# Finally getting somewhere with the ME7, MED9, M3.x



## scarboroughdub (Jul 8, 2002)

Ive been following these forums, and its a great idea, but information is very hard to get on these computers.
as it stands im very deep into these computers and will be starting R&D tuning shortly next week.
just to give you some backgroud.
i have been tuning standalone's and piggy backs for years, 
and chip tuning nissan's and honda's But info for them is much easier to get.
VW, BMW, Audi is my next mountain to climb.

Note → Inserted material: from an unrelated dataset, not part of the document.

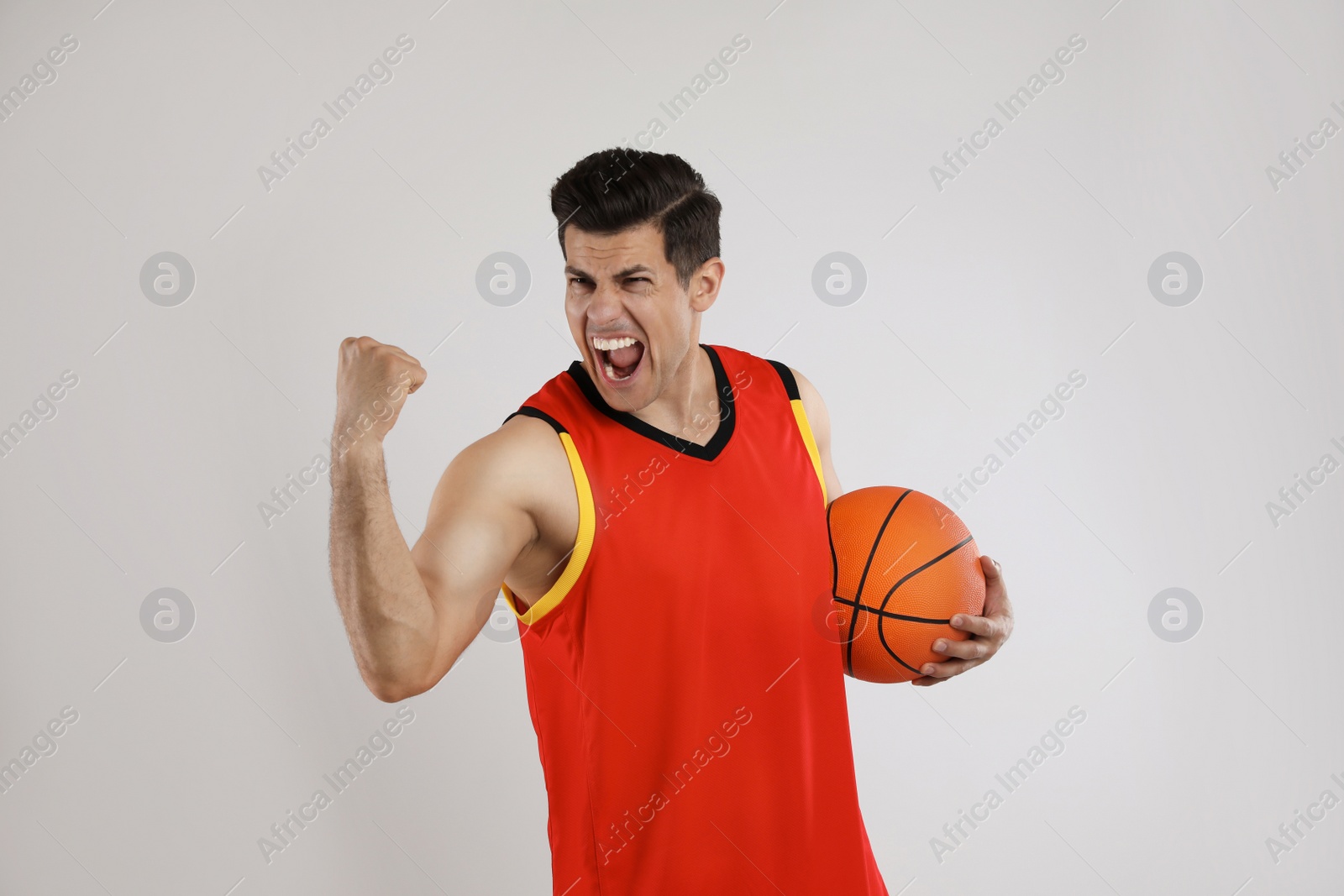 Photo of Basketball player with ball on grey background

If anyone has any info in regards to address location of maps let me know. any and all info is good.
cheers.


----------



## [email protected] (Jul 27, 2001)

*Re: Finally getting somewhere with the ME7, MED9, M3.x (scarboroughdub)*

I think you'll find most people "in the know" won't share a lot of info on those binaries because they don't want to give away secrets that may take away from their market share.
Ask folks over at http://www.checksumm.com/chiptuning/index.php , they'll help you the most. 
In a perfect world, you would be using Inca and ETK boards with the proper .s19 and .a2l files you need along with the Bosch Funktionsrahmen document. That's how the OEMs do it.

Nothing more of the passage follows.